In the file ./node_modules/vanilla.js:
var fs = require('fs');
exports.require = function(path,names_to_export) {
filedata = fs.readFileSync(path,'utf8');
eval(filedata);
exported_obj = {};
for (i in names_to_export) {
to_eval = 'exported_obj[names_to_export[i]] = '
+ names_to_export[i] + ';'
eval(to_eval);
}
return exported_obj;
}
Then when you want to use your library's functionality you'll need to manually choose which names to export.
So for a library like the file ./lib/mylibrary.js...
function Foo() { //Do something... }
biz = "Blah blah";
var bar = {'baz':'filler'};
When you want to use its functionality in your Node.js code...
var vanilla = require('vanilla');
var mylibrary = vanilla.require('./lib/mylibrary.js',['biz','Foo'])
mylibrary.Foo // <-- this is Foo()
mylibrary.biz // <-- this is "Blah blah"
mylibrary.bar // <-- this is undefined (because we didn't export it)
Don't know how well this would all work in practice though.

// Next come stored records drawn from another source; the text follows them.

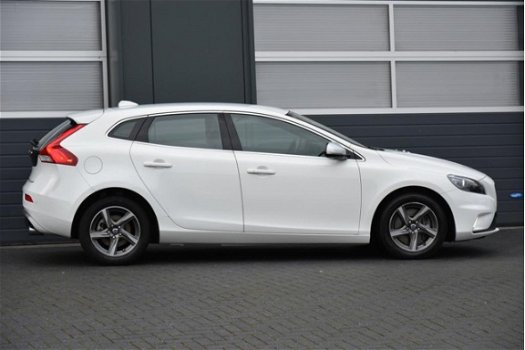 Volvo V40 - D4 190 Pk Business R-Design Camera Leder Clima - 1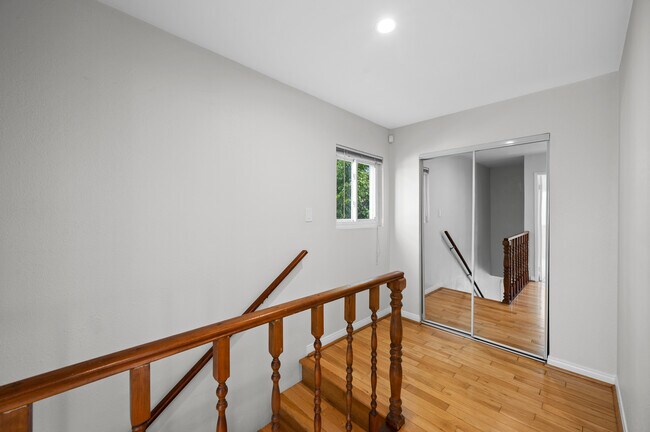 Foto del edificio - 939 S Ogden Dr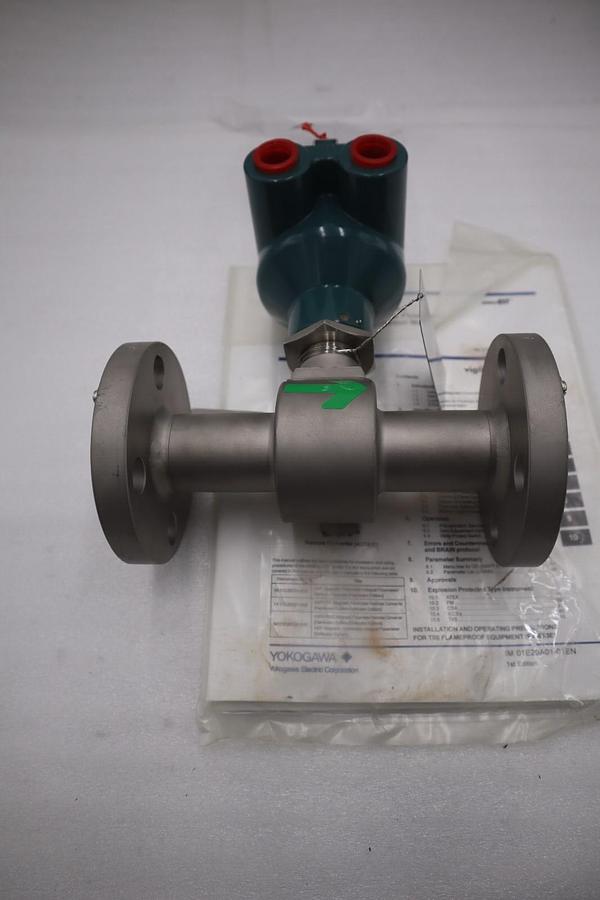Used NEW YOKOGAWA AXF025C-NNAL1L-BA11-2NB/FF1/SCT MAGNETIC FLOWMETER STOCK G539A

I was able to make it work by updating their script, very easily, simply adding module.exports = where appropriate...
For example, I took their file and I copied to './libs/apprise.js'. Then where it starts with
function apprise(string, args, callback){
I assigned the function to module.exports = thus:
module.exports = function(string, args, callback){
Thus I'm able to import the library into my code like this:
window.apprise = require('./libs/apprise.js');
And I was good to go. YMMV, this was with webpack.
A simple include(filename) function with better error messaging (stack, filename etc.) for eval, in case of errors:
var fs = require('fs');
// circumvent nodejs/v8 "bug":
// https://github.com/PythonJS/PythonJS/issues/111
// http://perfectionkills.com/global-eval-what-are-the-options/
// e.g. a "function test() {}" will be undefined, but "test = function() {}" will exist
var globalEval = (function() {
var isIndirectEvalGlobal = (function(original, Object) {
try {
// Does `Object` resolve to a local variable, or to a global, built-in `Object`,
// reference to which we passed as a first argument?
return (1, eval)('Object') === original;
} catch (err) {
// if indirect eval errors out (as allowed per ES3), then just bail out with `false`
return false;
}
})(Object, 123);
if (isIndirectEvalGlobal) {
// if indirect eval executes code globally, use it
return function(expression) {
return (1, eval)(expression);
};
} else if (typeof window.execScript !== 'undefined') {
// if `window.execScript exists`, use it
return function(expression) {
return window.execScript(expression);
};
}
// otherwise, globalEval is `undefined` since nothing is returned
})();
function include(filename) {
file_contents = fs.readFileSync(filename, "utf8");
try {
//console.log(file_contents);
globalEval(file_contents);
} catch (e) {
e.fileName = filename;
keys = ["columnNumber", "fileName", "lineNumber", "message", "name", "stack"]
for (key in keys) {
k = keys[key];
console.log(k, " = ", e[k])
}
fo = e;
//throw new Error("include failed");
}
}
But it even gets dirtier with nodejs: you need to specify this:
export NODE_MODULE_CONTEXTS=1
nodejs tmp.js
Otherwise you cannot use global variables in files included with include(...).